Volume Impor Besar, Biaya Besar
Jika jumlah 3,5  juta ton terealisasi hingga akhir desember 2023, makan pemerintahan Jokowi sedang mencetak rekor tertinggi importasi beras sejak periode  awal pemerintahannya, melampaui volume impor pada  2018 sebesar 2,252 juta ton.
Bahkan jumlah ini mengungguli volume impor pada masa pemerintahan Presiden Soesilo Bambang Yudoyono  pada 2011 sebesar 2,7 juta ton.
Pada sisi  lain kebijakan ini menelan akan biaya besar jika terealisasi.  Dengan acuan harga saat penugasan impor di akhir  Desember 2022 sebesar Rp8.800/kg, maka nilai impor 3,5 juta ton akan membutuhkan total biaya sebesar Rp30,800 triliun.
Bina Desa dan JAPPA juga mengingatkan impor beras ini mengingkari tekad  Presiden Joko Widodo sendiri sejak periode pertama pemerintahannya  untuk memutus ketergantungan pangan dari negara-negara lain.  Pemerintah bertekad  swasembada setidaknya untuk tiga komoditas utama, yakni padi, jagung dan kedelai (Pajale).
Jalan ke arah swasembada pada praktiknya tidak mudah.  Program Upsus (Upaya Khusus) Pajale yang ditarget dapat dicapai dalam rentang tiga tahun di periode awal kepemimpinannya antara 2014-2019 terbukti tidak meninggalkan jejak.  Impor ketiga  komoditas tersebut masih terus berlangsung, bahkan cenderung meningkat hingga sekarang.
Laporan tersebut menyampaikan pada level hulu ragam kebijakan infrastruktur sektor pertanian serta proyek strategis nasional seperti food estate  dengan mengundang  investasi korporasi pertanian dan melibatkan intervensi oleh kementerian pertahanan, terbukti tidak mampu berbuat banyak untuk menyumbang pertumbuhan dan pengelolaan pertanian dan pangan secara lebih baik.
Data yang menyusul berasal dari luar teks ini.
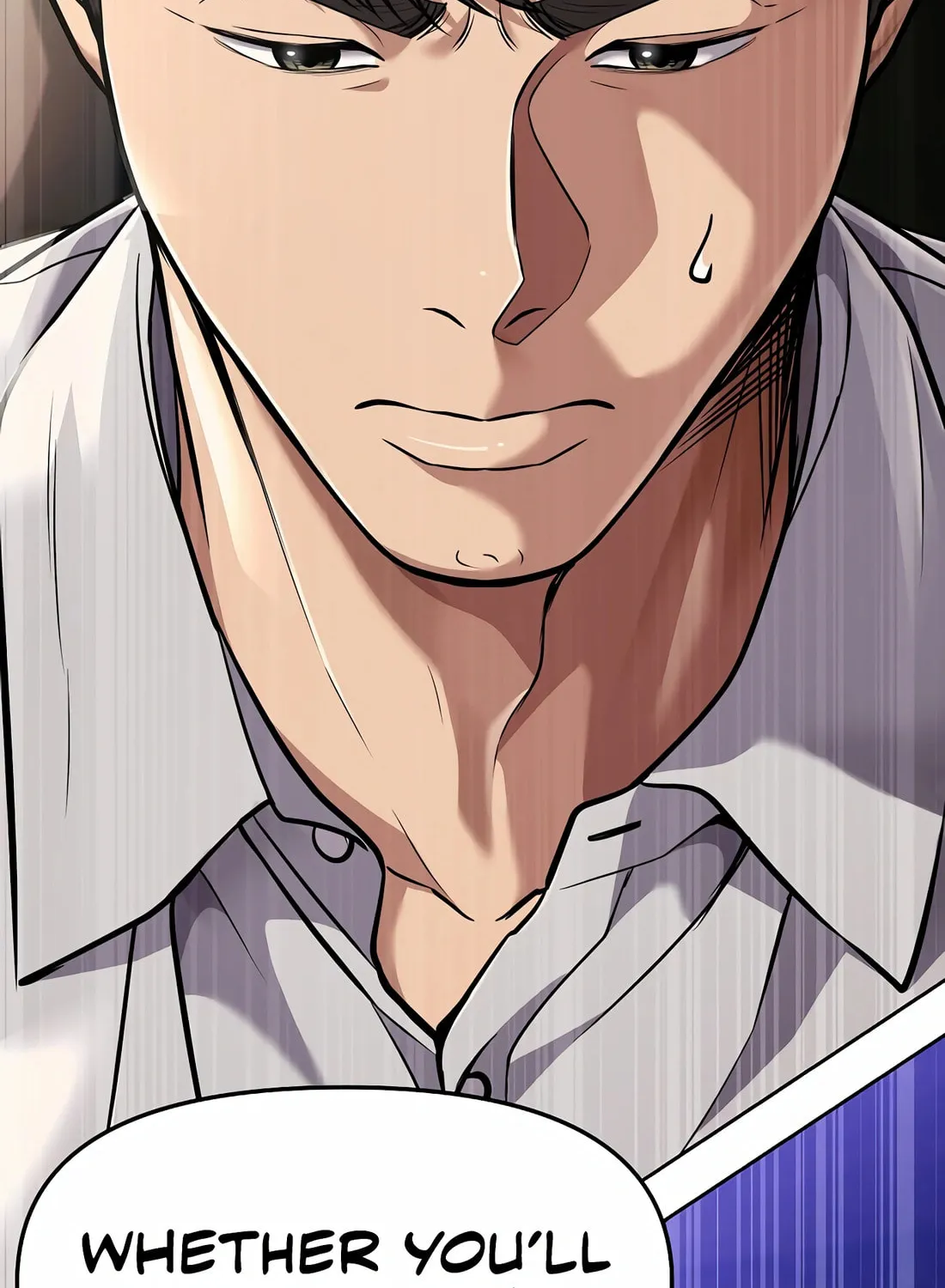 New Employee Kim Chul-Soo Chapter 85 page 168 -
Perlu Keberadaan Data Tunggal
Parameter lain yang harus diperhatikan melakukan impor beras adalah belum tersedianya data tunggal yang dapat dijadikan rujukan utama oleh negara.  Data tunggal yang belum tersedia meliputi  jumlah produksi dan konsumsi beras dan pangan lain yang bersifat final dan terbarui untuk seluruh wilayah di Indonesia.
Jadi meski telah berulang kali melakukan impor, namun sebagian besar angka impor tersebut cenderung didasarkan pada data perkiraan, yang acap kali berbeda dan tumpang tindih antara data yang dimiliki oleh Badan Pusat Statistik, Kementerian  Pertanian, Kementerian Perdagangan dan lain-lain.
Padahal di saat yang sama gelontoran produk impor dapat dengan cepat mempengaruhi proses pembentukan harga di tingkat pasar. Â Selanjutnya dapat berujung pada jatuhnya harga gabah di tingkat petani. Jika sudah demikian maka petanilah yang akan menjadi pihak paling dirugikan.